I will lead off Day 2, July 21, with coverage of the most recent ag-related cases and rulings impacted farm and ranch estate and business planning. Also joining me on Day 2 will be Prof. Jeffrey Jackson, a colleague of mine at Washburn University School of Law. He will present a session on gun trusts for holding firearms and the unique issues that passing firearms at death can present. Prof. Jackson will discuss what a gun trust is and how it works, what it cannot do, and client counseling with respect to passage of firearms by gift or at death. Prof. Jackson's presentation will be followed by a session involving a comprehensive review of the new rules surrounding retirement planning after the SECURE act by Brandon Ruopp, an attorney from Marshalltown, Iowa.
Also making a presentation on Day 2 will be Marc Vianello. Marc is a CPA and the managing member of Vianello Forensic Consulting, LLC. He is an experienced financial professional with and intensive 30-year history as a forensic accountant and expert witness regarding damages in highly complex litigation, including breach of contract, intellectual property (patent, Lanham, trade secret, copyright), business valuation, franchise, agriculture, Qui Tam and class action, personal injury, employment, casualties, financial crimes, and all other types of income and valuation damages. Marc also has an extensive background regarding the computation of estate and gift tax discounts for lack of marketability. Marc’s presentation will focus on how practitioners can utilize forensic accounting techniques and expert testimony to bolster a client’s position against the IRS on audit as well as in court.

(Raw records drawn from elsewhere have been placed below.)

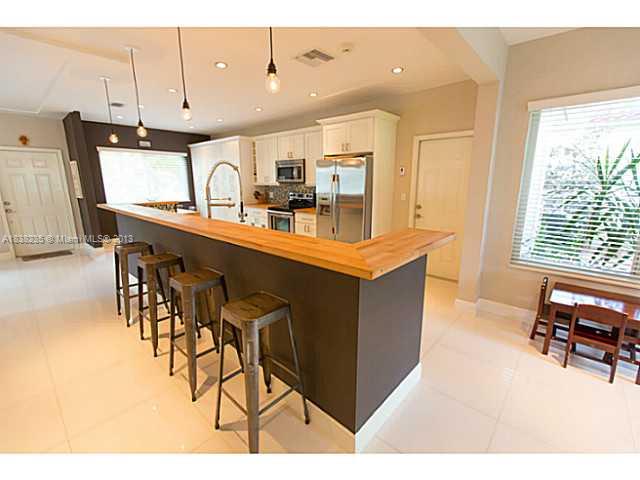 5767 Southwest 35th Street Miami, FL 33155 - Photo 8 of 18 a dining hall with stainless steel appliances kitchen island granite countertop a table chairs and a refrigerator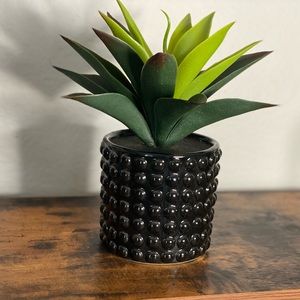 Faux plant in black vase. Very lightly used for temporary display. Like new.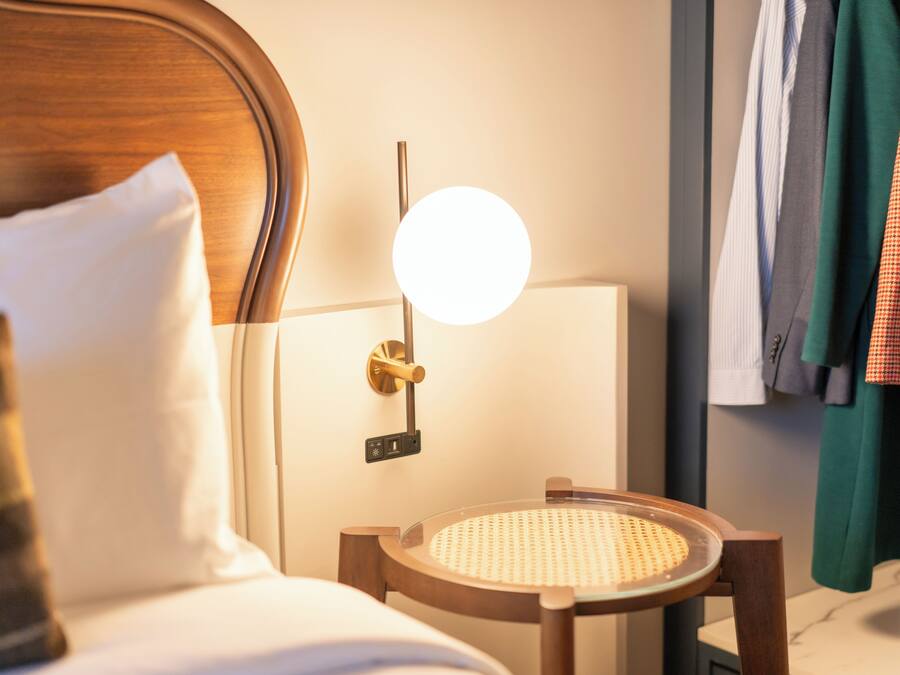 Habitación de hotel con cama, mesita de noche con lámpara, una silla y espejo adosado a la pared.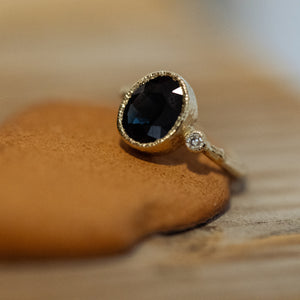 Large oval blue sapphire branch ring
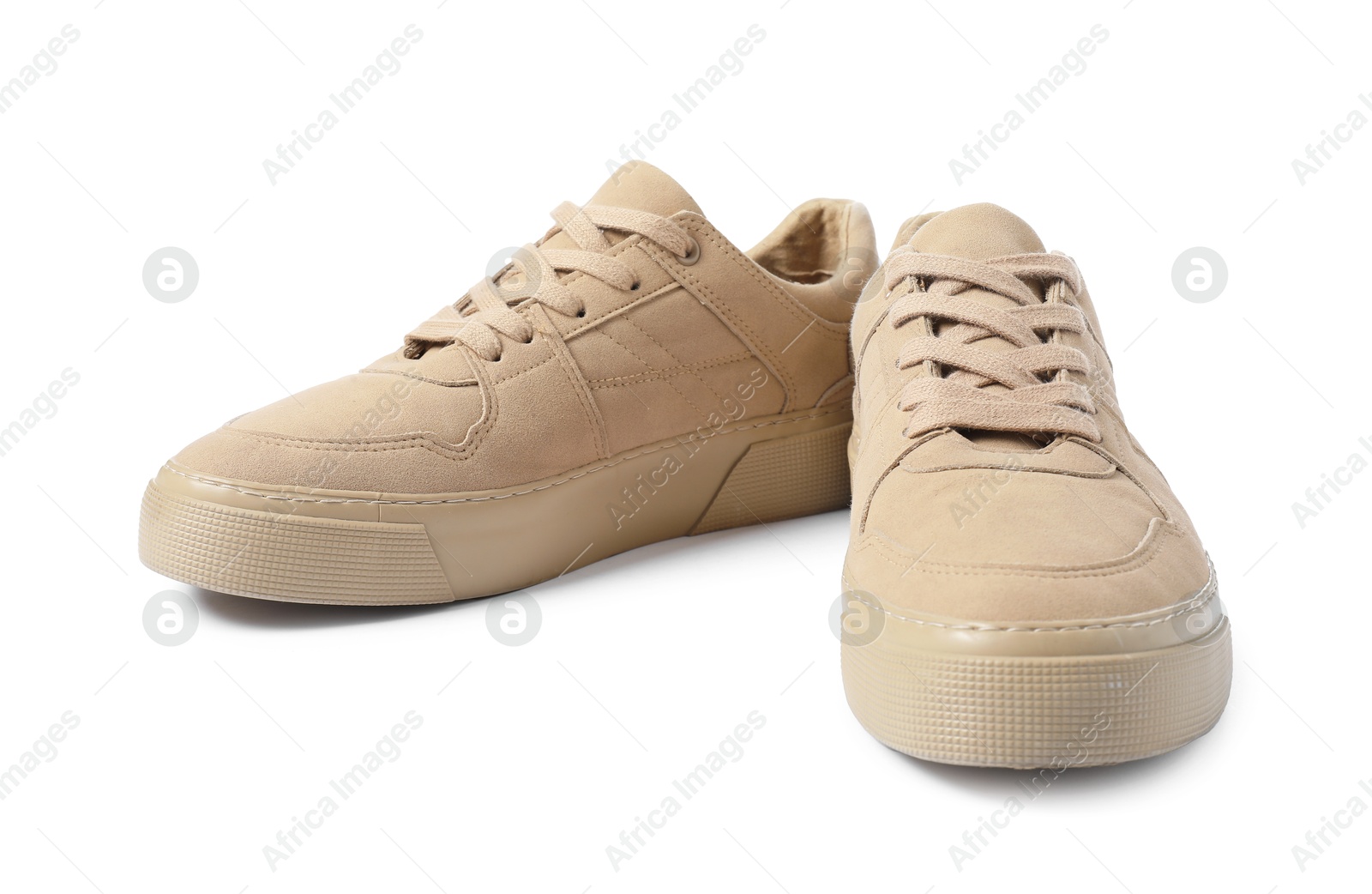 Photo of Pair of beige sneakers isolated on white. Sportive shoes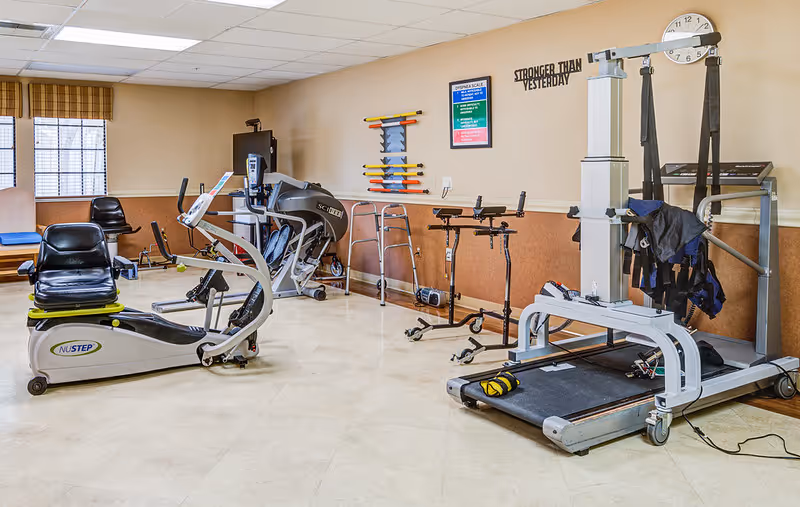 A rehabilitation or physical therapy room with exercise equipment including a recumbent bike, treadmill with harness, parallel bars, and other therapy tools. The room has beige walls, a window with blinds, and a motivational sign on the wall that reads 'STRONGER THAN YESTERDAY'.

Other topics that I will address on Day 2 include the common estate planning mistakes of farmers and ranchers; post-death management of the farm or ranch business; and the valuation of farm chattels and marketing rights.
Day 2 will conclude with an hour session on ethics. Prof. Shawn Leisinger of Washburn School of Law will present a session on the ethical issues related to risk I the legal context and how to ethically advise clients concerning risk decisions.
If you are unable to join us in-person for the two-day event in Deadwood, the conference will be broadcast live over the web. The webcast will be handled by Glen McBeth. Glen handles Instructional Technology at the law library at the law school. Glen has broadcast the last few summer seminars and does a tremendous job producing a high-quality webcast.
A room block has been established at The Lodge for conference attendees under Washburn University School of Law. The rate is $169 per night and is valid from July 17 through July 22. The room block will release on June 19. The Lodge does not have an online link for reservations, but you may call the front desk at (877) 393-5634 and tell them they need to make reservations under the Washburn University Law School room block. As noted, the room block begins the weekend before the seminar begins so that you can arrive early and enjoy the weekend in Deadwood and the Black Hills area before conference if you’d like.
Washburn’s law school will also be holding an alumni event at The Lodge that corresponds with the summer seminar. There will be a social event for law school alumni and registrants of the summer seminar on Sunday evening, July 19. That event will be followed the next day with a CLE seminar focusing on law and technology. This CLE event will also be at The Lodge and will run simultaneously with Day 1 of the two-day summer seminar on July 20. The summer seminar will continue on July 21.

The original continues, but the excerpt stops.